The project has been allocated €813.8m through the EU’s Connecting Europe Facility (CEF), which funds investment in transport, energy and digital infrastructure.

The two countries signed an agreement to build the tunnel in 2015 and in 2017 this was ratified by the French and Italian governments in legislation authorising construction. However, the formation of a coalition government following Italy’s 2017 general election has made the status of the project less clear, with the League supporting construction of the new line and the Five Star Movement (M5S) opposing it.

In December 2017, M5S MEPs wrote to EC transport commissioner Mrs Violeta Bulc urging her to withdraw CEF funding, claiming the project “does not match the general objectives foreseen by Article 3 of the CEF Regulation, namely it is clearly not a project with European added-value.”

On the French side too, enthusiasm for the project has dimmed. In May, 63 politicians from all levels of government in the Auvergne-Rhône-Alpes region wrote to French president Mr Emmanuel Macron seeking reassurances that the line will be completed before 2030.  “Without a modern and efficient French gateway, it will not be possible to achieve a substantial modal shift of transalpine goods transport from road to rail,” the letter warned.

On September 11, the French government announced it would invest €13.4bn in the transport network in 2018-2022, a 40% increase compared with 2013-2017, with the emphasis on modernising existing infrastructure and relieving congestion around key nodes. However, funding is being made available for new lines and the government says it will maintain its “European commitment” to Lyon - Turin, although this is dependent on a continued commitment to the project on the Italian side.

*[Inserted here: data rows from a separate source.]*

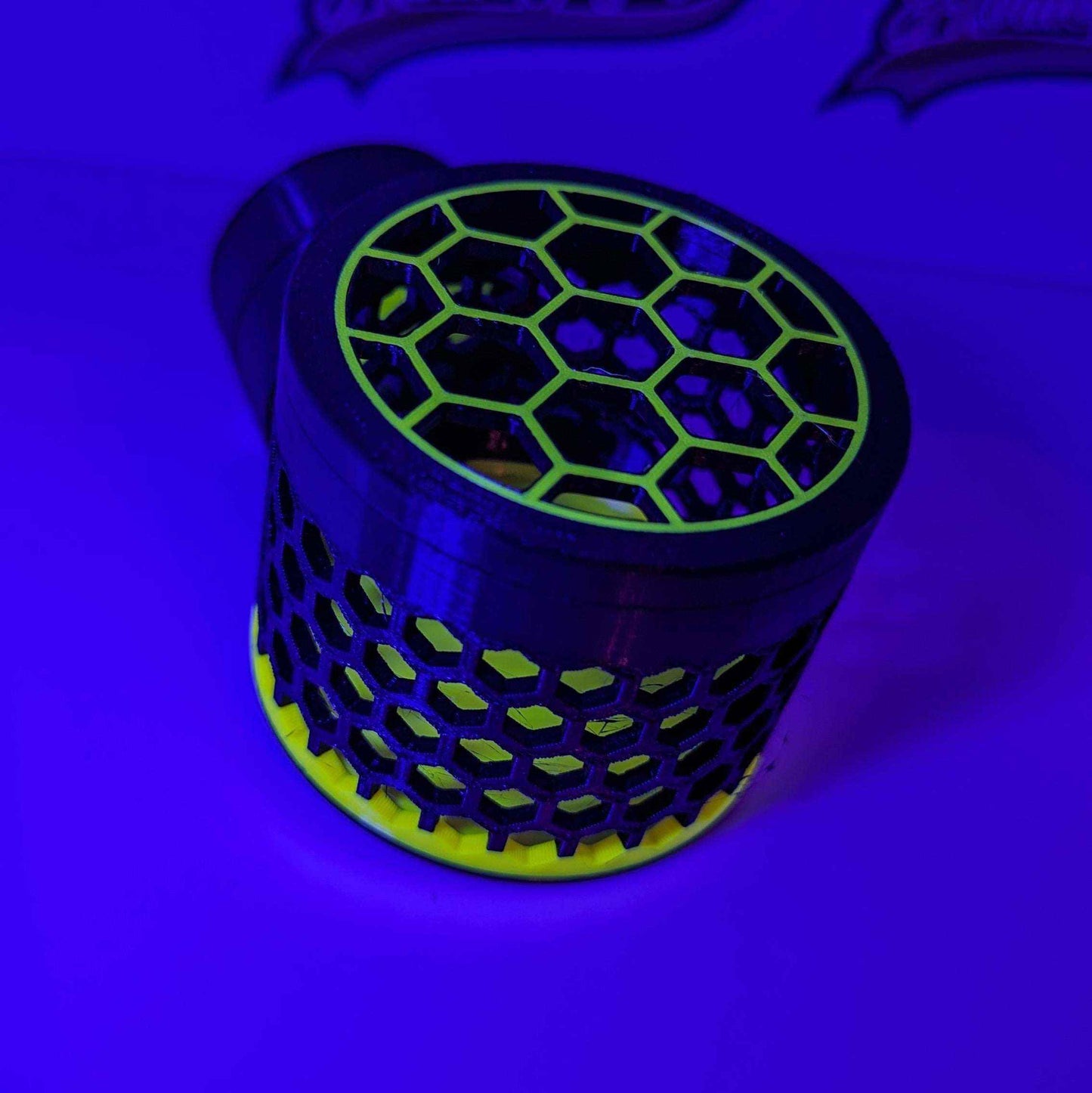 Anemone growth aid with honeycomb design for aquariums.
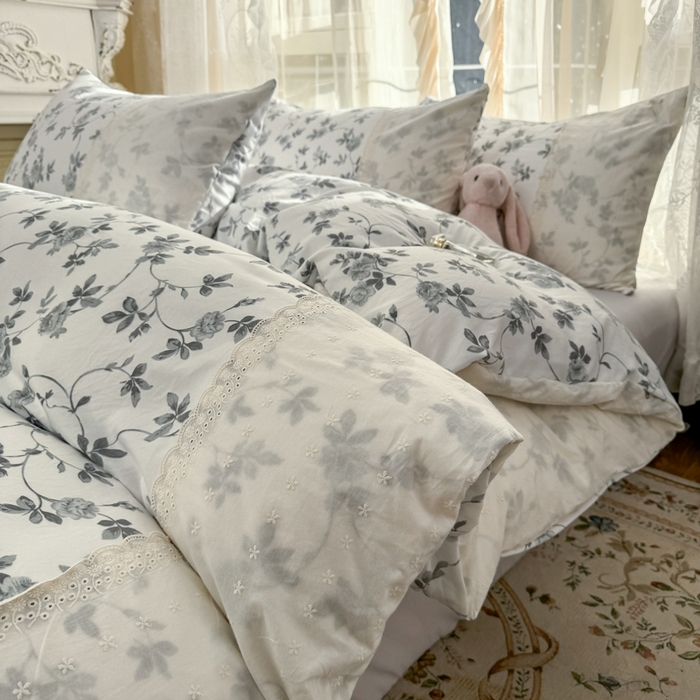 91家纺网 家纺一手货源 找家纺 温眠家纺 2025新款ins风小清新镂空花边水洗云朵棉四件套-风格一 莫奈花园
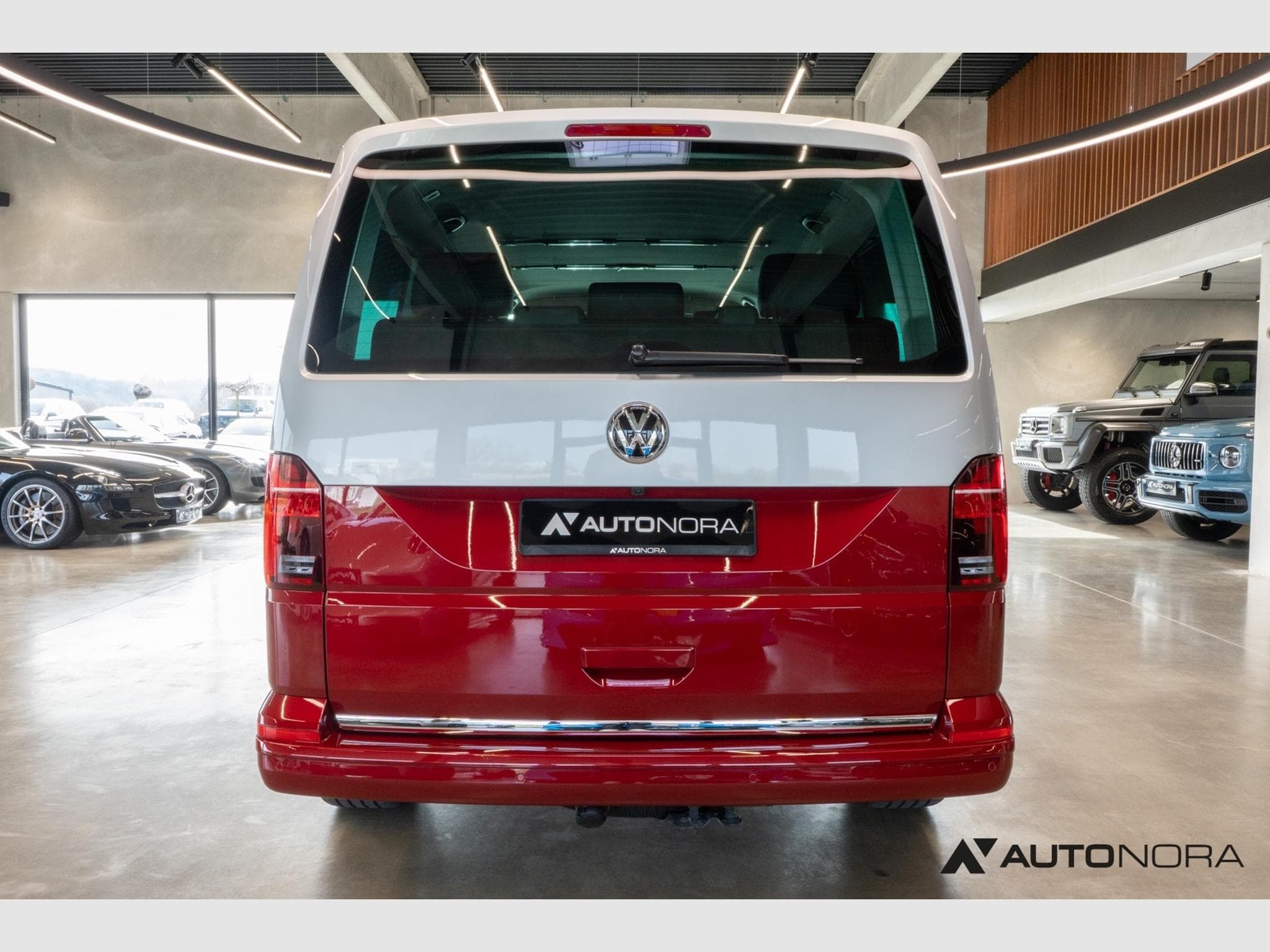 VW T6.1 2.0 TDI 4Motion Multivan Highline (2023) - Foto 9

The 140km line will have 87km of tunnels including a 57km twin-bore base tunnel between St Jean de Maurienne, France, and Chiomonte in Italy. The cross-border section extends for 18.1km on the Italian side, 12.5km of which will be in the base tunnel. Beyond the Italian portal, there will be a 3km link to the existing line at Bussoleno, including a 2.1km tunnel and a new station at Susa.

Implementation of the project is being managed by Euralpine Tunnel Lyon - Turin (TELT), a 50:50 joint venture between Italian State Railways (FS) and the French state.